Przejdź do treści
Przejdź do stopki

Kiszczak winny, ale bezkarny

Treść

Czesław Kiszczak, który w 1985 roku jako szef Ministerstwa Spraw Wewnętrznych wydalił ze służby milicjanta za posłanie córki do I Komunii Świętej, jest winny dyskryminacji wyznaniowej - uznał warszawski sąd. Mimo stwierdzenia winy Kiszczak pozostał bezkarny, gdyż sąd na mocy amnestii z 1989 roku umorzył sprawę. To już drugi tego typu proces, z którego były minister wychodzi bezkarnie.
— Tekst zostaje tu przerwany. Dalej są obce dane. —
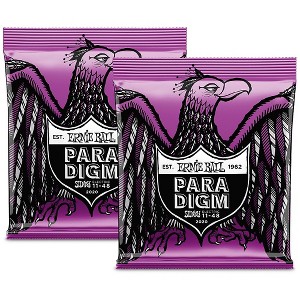 Ernie Ball Paradigm Power Slinky Electric Guitar Strings 2-Pack - 1 of 4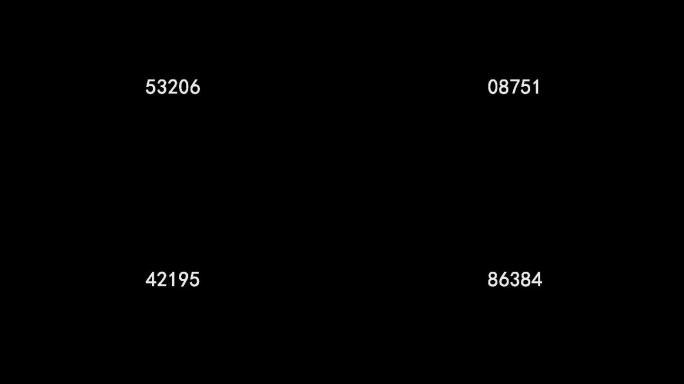 数字跳动 数字滚动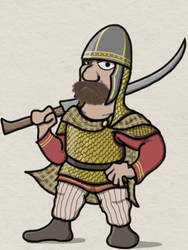 Dacian Noble Warrior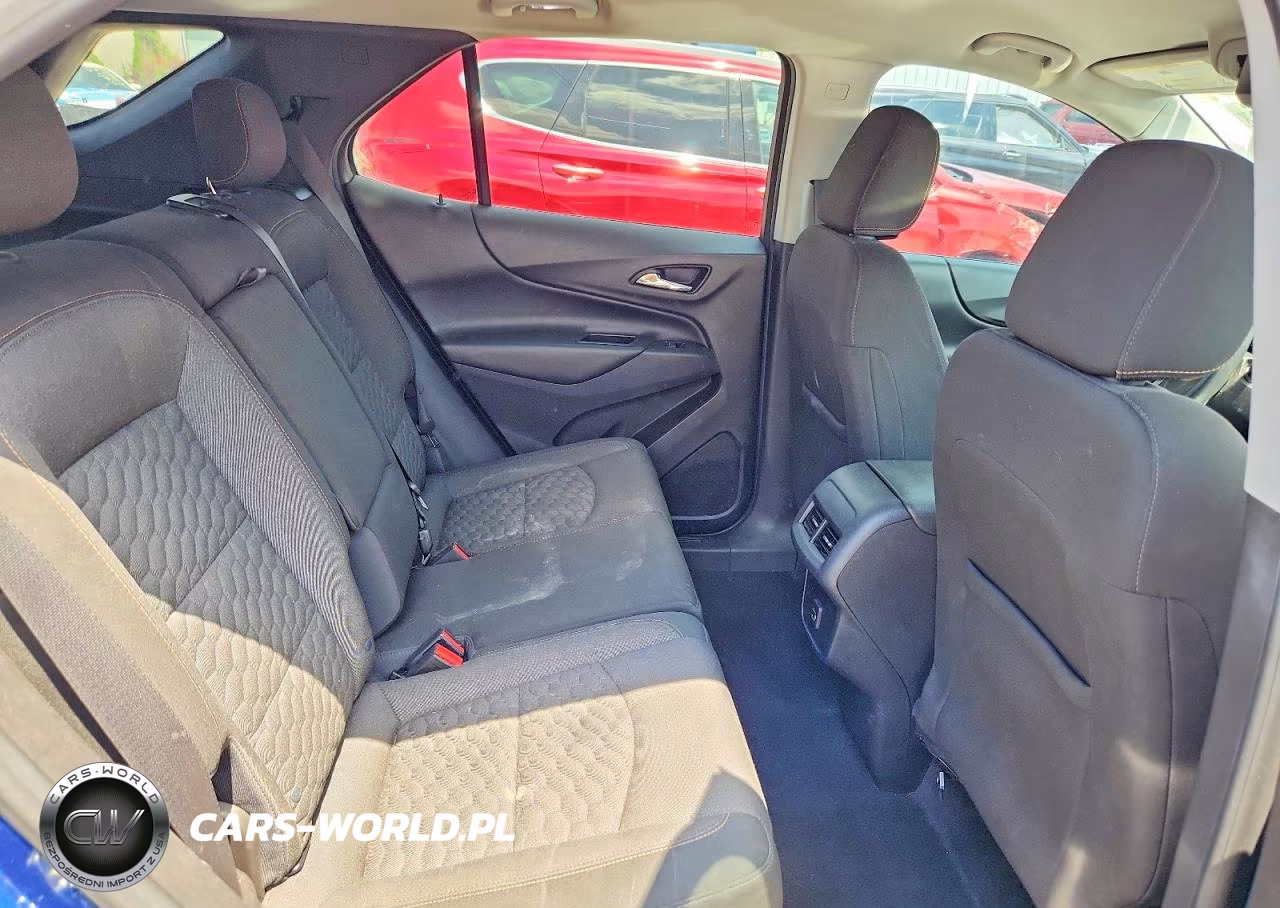 2019 Chevrolet Equinox Lt VIN:3GNAXKEV2KL238638 - 11
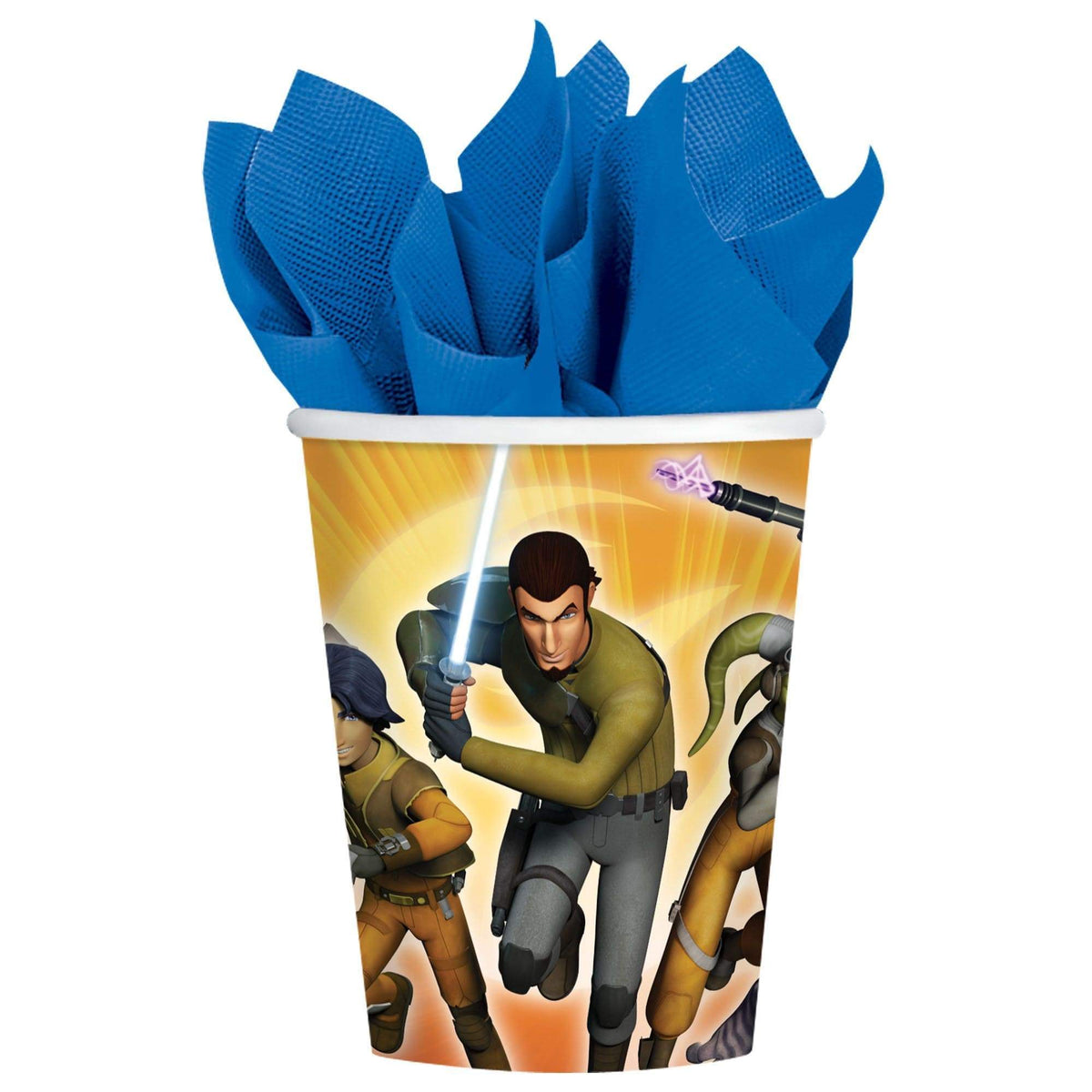 Star Wars Rebels 9 oz. Paper Cups (8)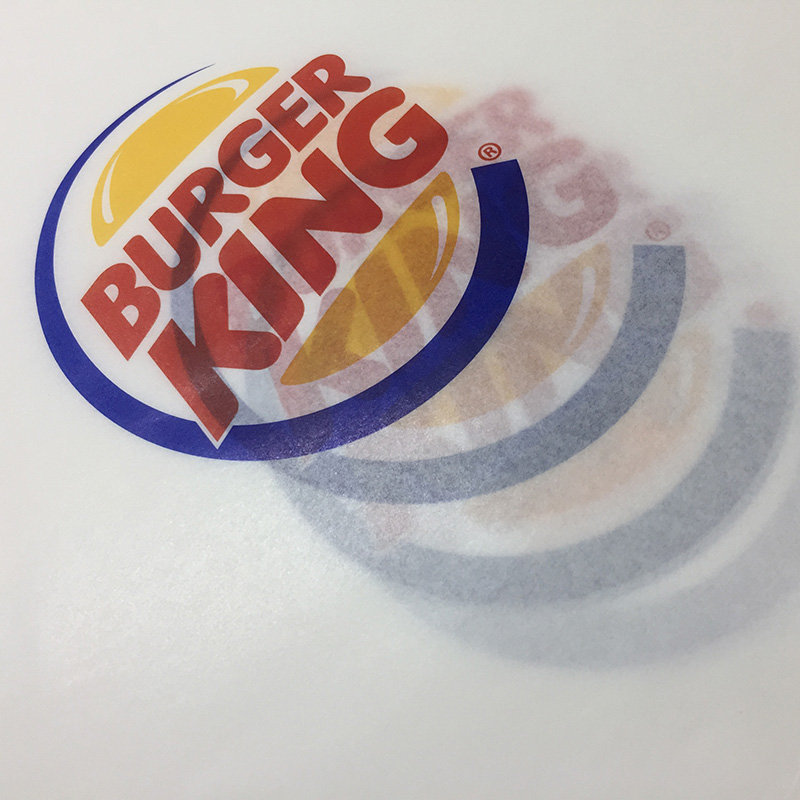 Burger King – Papel gordura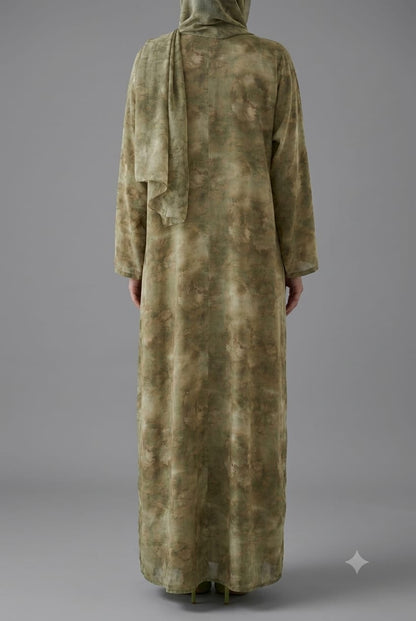 Olive Lunea Abaya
Warszawski sąd okręgowy uznał wczoraj Czesława Kiszczaka, PRL-owskiego premiera i ministra spraw wewnętrznych, za winnego dyskryminacji wyznaniowej. W ocenie sądu, generał dopuścił się jej w stosunku do podległego mu milicjanta, którego zwolnił ze służby w 1985 roku po tym, jak ten zdecydował się na posłanie córki do I Komunii Świętej. Mimo uznania winy Kiszczaka pozostał on bezkarny, gdyż na mocy amnestii z 1989 roku sąd sprawę umorzył.
Wczoraj sąd uznał, że zarzut dla Kiszczaka dotyczący dyskryminacji wyznaniowej jest w pełni uzasadniony. Sąd ustalił, że tylko Czesław Kiszczak mógł podpisać się pod decyzją o wydaleniu ze służby Romualda K., milicjanta z Koszalina. Taka interpretacja sądu wynikła z zeznań dwóch przesłuchanych wczoraj świadków: Lechosława Stemplewskiego, który w 1985 roku był dyrektorem departamentu kadr Ministerstwa Spraw Wewnętrznych, i Włodzimierza Muranowskiego, ówczesnego zastępcy szefa służby ds. kadr i doskonalenia zawodowego.
Jak podkreślał sąd, decyzja o wydaleniu K. ze służby została podjęta na mocy ustawy z 1959 roku o służbie funkcjonariuszy MO i "ze względu na ważny interes służby". Faktycznie milicjant stracił pracę z powodów wyznaniowych. W ocenie sądu, obowiązujący w latach 80. kodeks karny z 1969 roku zakazywał ograniczania praw ze względu na przynależność wyznaniową albo bezwyznaniowość. - Powołanie się na interes służby naruszało kodeks karny - powiedział sędzia. W trakcie procesu Kiszczak nie przyznał się do zarzucanego mu czynu, jednak nie wykluczał, że rozkaz podpisał.
W postępowaniu przed warszawskim sądem prokurator domagał się dla Kiszczaka kary 2,5 roku więzienia w zawieszeniu na 3 lata i zmniejszenia tej kary o połowę na podstawie amnestii z 1989 roku. W praktyce Kiszczak mógł więc otrzymać karę roku i trzech miesięcy więzienia w zawieszeniu na 3 lata. Prokurator domagał się też kary pieniężnej w wysokości 7500 zł (150 stawek dziennych w wysokości 50 zł każda). Wprawdzie wczoraj sąd uznał winę Kiszczaka, ale jednocześnie postanowił umorzyć postępowanie. Jak motywował, obecnie dyskryminacja wyznaniowa zagrożona jest karą do dwóch lat pozbawienia wolności, a do tego typu przestępstw stosuje się przepisy amnestii z 1989 roku.
Jak podkreślił prok. dr Krzysztof Bukowski z koszalińskiego IPN, po analizie uzasadnienia wyroku Instytut podejmie decyzję o ewentualnym odwołaniu się od decyzji sądu. Jednak - jak zaznaczył - już samo stwierdzenie winy przez sąd jest "dużym osiągnięciem".
Sprawa milicjanta K. nie była pierwszym tego typu pozwem dla Kiszczaka. W lipcu generał został uznany za winnego wyrzucenia ze służby milicjanta z drogówki z Tucholi za to, że wziął on ślub kościelny. Sprawa również została umorzona.